Who Sent That RST? Forensic Classification of TCP Resets with rst-forensics

“The customer says it’s our app. Our app says it’s their firewall.”

If you’ve supported a B2B SaaS for any length of time, you’ve taken this ticket. A specific customer — usually a big bank, government agency, or healthcare org — reports that connections to your service are dying mid-flight. Sometimes during the TLS handshake. Sometimes a few seconds in, right when their browser tries to upload something. Wireshark on their side shows a clean SYN, SYN-ACK, ACK, and then a [RST, ACK] killing the connection. Your side shows the same RST. Neither end sent it.

Or rather: somebody sent it, but TCP is a fairly anonymous protocol. The packet has a source IP and a TTL and a window value, and from those alone you’re supposed to magically deduce whether it came from the legitimate server stack, from the client kernel giving up, or from a corporate firewall that decided your traffic violated some policy nobody warned anyone about.

Wireshark won’t tell you. The five-tuple says “came from your server’s IP,” because spoofing that is the entire point of inline reset injection. So you fall back to tribal knowledge — “I’ve seen FortiGates do this when…” — and that’s not a verdict you can hand to a customer.

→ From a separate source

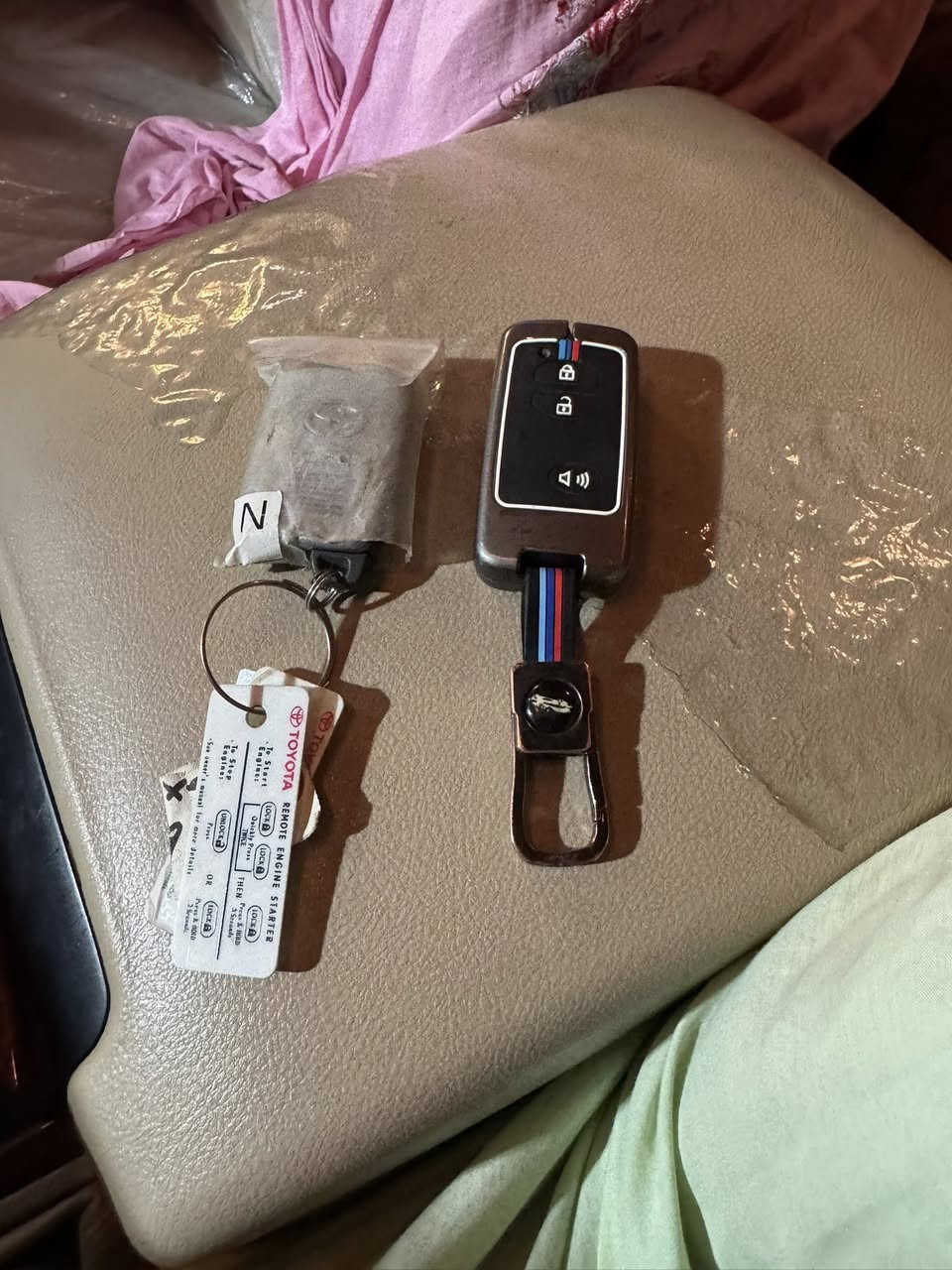 سلام عليكم رمضان كريم 🌙 للبيع لاندكروز  2015 سياره زيرو استعمال شخصي ماشيه 29 ألف رقم بغداد بسمي ***********
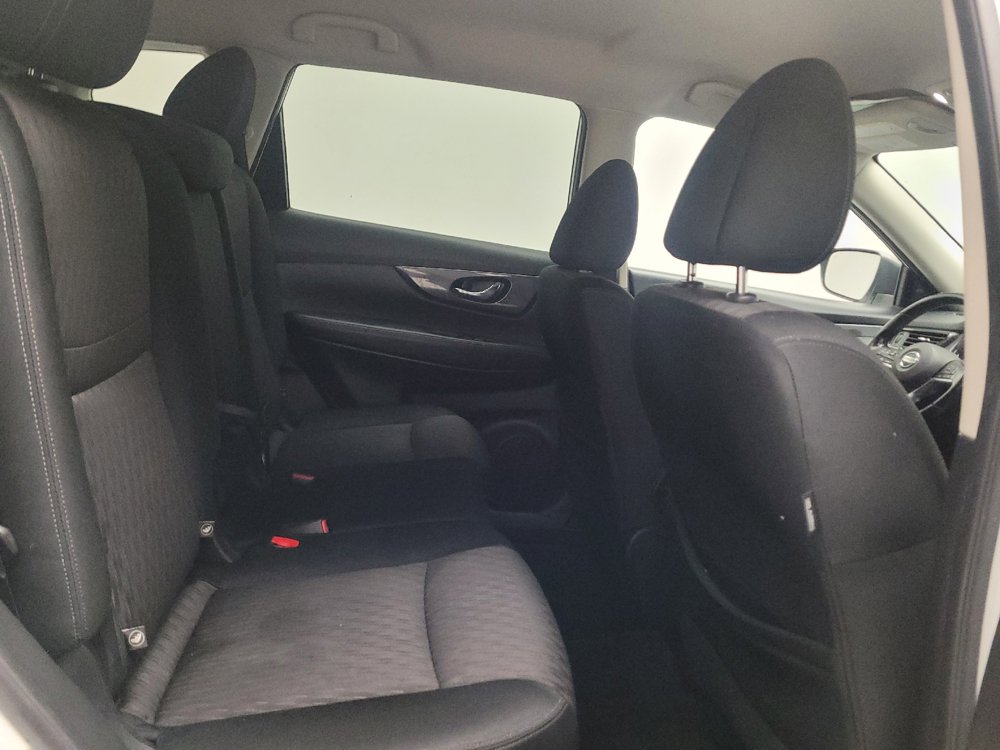 Used 2020 Nissan Rogue SV AWD/4WD image 19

rst-forensics is my attempt to make the verdict reproducible. It takes a small struct of observations from each RST it sees and runs six independent scorers — TTL, IP-ID continuity, window value, TCP options, sequence-number plausibility, and arrival timing — that each vote for one of SERVER, MIDPATH, or CLIENT. Their weighted votes aggregate into a verdict with a confidence number and a per-scorer evidence list, so when you hand it to a customer you’re not saying “it feels like your firewall,” you’re saying “here are four independent signals that all point the same direction.”

The scenario that motivated it

A SaaS API hosted on Linux behind a normal cloud load balancer. Most customers work fine. One specific customer — call them BigBank — starts seeing intermittent failures last Thursday. Their security team rolled out a new IPS policy on their FortiGate the same week, but they swear that’s unrelated and ask us to investigate the server.

We pull a pcap from the LB-facing tap during a failing call. We see a normal three-way handshake from BigBank’s egress IP, a TLS ClientHello, our TLS ServerHello, and then four packets later — well before the application has done anything — a [RST, ACK] from our server’s IP, killing the session. The application logs on the LB show no close, no error, no connection event at all for that flow. From the server’s perspective, the connection just disappeared.

This is exactly the case rst-forensics was built for.

What it actually does

The library is two layers stacked: a pure-Python classifier that takes a RstObservation and returns a Verdict, and a set of capture adapters that turn live traffic, a pcap, or an active probe into those observations. The classifier has zero dependency on scapy — that lives only in the adapters. You can unit-test the verdict logic with no privileges, no libpcap, and no network at all, which makes it pleasant to extend.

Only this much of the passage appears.